Semanas depois teve Caê na Concha Acústica. Eu já tinha visto Caetano, mas fiquei pirado, pois era na tour de Circuladô, em 1992. Fiquei pirado por causa dos outdoors. Foi quase igual a história com o Ramones. Era Caê e Daniela Mercury (início de carreira) e tava no outdoor “Caetano Veloso e Daniela Mercury”. Esse outdoor ficou assim por três semanas e faltando dois dias pro show colocaram embaixo da palavra Caetano Veloso, em letras minúsculas, “Voz e Violão”. Eu tinha o CD Circuladô ao Vivo e queria ver a banda toda, não ele voz e violão. Mas já tinha comprado e fui. Não vi Daniela. Saí antes. Mas dessa vez na Concha era com banda. E de rock.
Na Concha não tem lugar marcado e ficamos num lugar que, a priori, parecia ruim, pois era em cima da mesa de som. Porém, por parecer ruim, não tinha ninguém, um vazio no meio da platéia e por isso se transformou no melhor lugar do show.
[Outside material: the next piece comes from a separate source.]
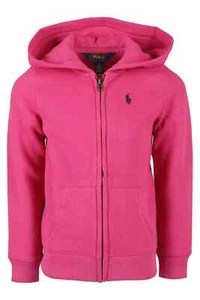 NWT Polo Ralph Lauren Girls Fleece Full-Zip Hoodie Pink 5 - Picture 1 of 2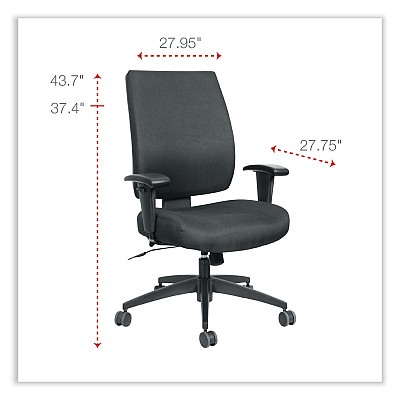 Alera Wrigley Series High Performance Mid-Back Synchro-Tilt Task Chair, Supports 275 lb, 17.91" to 21.88" Seat Height, Black (ALEHPS4201)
O show durou cerca de 1:40 e durante a primeira hora o que mais se ouvia era a palavra “senta”. Algumas pessoas queriam dançar e outras queriam ver o show sentados. Como estava no meio, pude presenciar várias confusões ao redor. Os “sentados” gritavam “senta, senta, senta” e por causa disso, na minha frente, quase que um cara senta a mão no outro. “Vão dizer que a violência é culpa do rock”, pensei.
Uma hora rolou uns aplausos, logo no início de uma música, e Caê achou que era pra ele e sorriu em direção ao grupo que aplaudia. Mas eles estavam aplaudindo o cara da frente que finalmente sentou.
Do meu lado, um casal que era visivelmente “público TCA”. Faixa dos 45, ela de preto, ele de camisa de botão, ela maquiada, ele de barba bem feita... Ela em pé, ele sentado... Imagino que foram pro show de Caetano no modo “é Caetano? Então vamos”.
Ela batia palmas cada vez mais desmotivadas enquanto seu marido tapava os dois ouvidos por causa da barulheira que o guitarrista de Caê, Pedro Sá, fazia no fim de uma música com sua guitarra. Uma microfonia dissonante à Sonic Youth.
– Caetano tá tão estranho – comentou ela no fim da musica.
Aquilo que falei no início do texto sobre a Bahia não receber astros internacionais vale pra qualquer tipo de “coisa”, menos pro reggae. Uma vez teve um festival de reggae que era tributo ao mundialmente famoso reggaeman Peter Tosh. Nesse evento teria o show do filho dele, Andrew Tosh. Xandão, um amigo meu, tava pirado com as pessoas dizendo “ah, vai ter Andrew Tosh e eu vou porque Andrew Tosh é massa, é filho de Peter Tosh, é o máximo e blá, blá, blá...”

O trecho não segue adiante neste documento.